Claim: $b(u) = d(u)$ for every reachable $u$, and vertices are enqueued in non-decreasing order of $b$.

By induction on $d(u)$. Base: $b(s) = 0 = d(s)$. Step: suppose the claim holds for all vertices with true distance at most $k$. Any vertex $u$ with $d(u) = k+1$ has some neighbor $w$ with $d(w) = k$; by hypothesis $w$ was enqueued at layer $k$ and is dequeued before any layer-$(k+1)$ vertex, at which point $u$ — if not already seen — is pushed with $b(u) = k+1$. Since the queue is FIFO and we only ever add vertices with $b$ equal to the current front plus zero or one, the ordering property is preserved. Conversely $b(u) \ge d(u)$ always holds because enqueuing $u$ requires walking a path of length $b(u)$ from $s$. Hence $b(u) = d(u)$. $\blacksquare$

Extensions

Applications

Leetcode 417

• Leetcode 417

Intuition

The key idea is to use breath first search to find the nodes that can flow to the pacific and atlantic ocean.

We can use two breath first search to find the nodes that can flow to the pacific and atlantic ocean respectively.

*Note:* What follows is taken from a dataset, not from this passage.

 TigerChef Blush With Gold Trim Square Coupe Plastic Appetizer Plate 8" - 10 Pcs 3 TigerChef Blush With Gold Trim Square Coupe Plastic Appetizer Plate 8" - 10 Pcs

Then the answer is the intersection of the two sets of nodes.

Solution

class Solution:
    def pacificAtlantic(self, h: List[List[int]]) -> List[List[int]]:
        m,n=len(h),len(h[0])
        p,a=set(),set()
        for i in range(m):
            p.add((i,0))
            a.add((i,n-1))
        for i in range(n):
            p.add((0,i))
            a.add((m-1,i))
        def bfs(mp):
            ud=[]
            d=[-1,0,1,0,-1]
            for i in range(m):
                for j in range(n):
                    if (i,j) in mp:
                        ud.append((i,j))
            while len(ud)>0:
                # print(ud)
                a,b=ud.pop(0)
                for i in range(4):
                    na,nb=a+d[i],b+d[i+1]
                    # print(na,nb)
                    if na>=0 and na<m and nb>=0 and nb<n:
                        # print(h[na][nb]>=h[a][b])
                        if h[na][nb]>=h[a][b] and (na,nb) not in mp:
                            ud.append((na,nb))
                            mp.add((na,nb))
        res=[]
        bfs(a)
        bfs(p)
        # print(a,p)
        for i in range(m):
            for j in range(n):
                if (i,j) in p and (i,j) in a:
                    res.append([i,j])
        return res

References

• Cormen, Leiserson, Rivest, Stein. Introduction to Algorithms, 3rd ed., Chapter 22.2 (Breadth-First Search).
• cp-algorithms — Breadth-first search
• Moore, E. F. "The shortest path through a maze." Proc. Int. Symp. Switching Theory, 1959.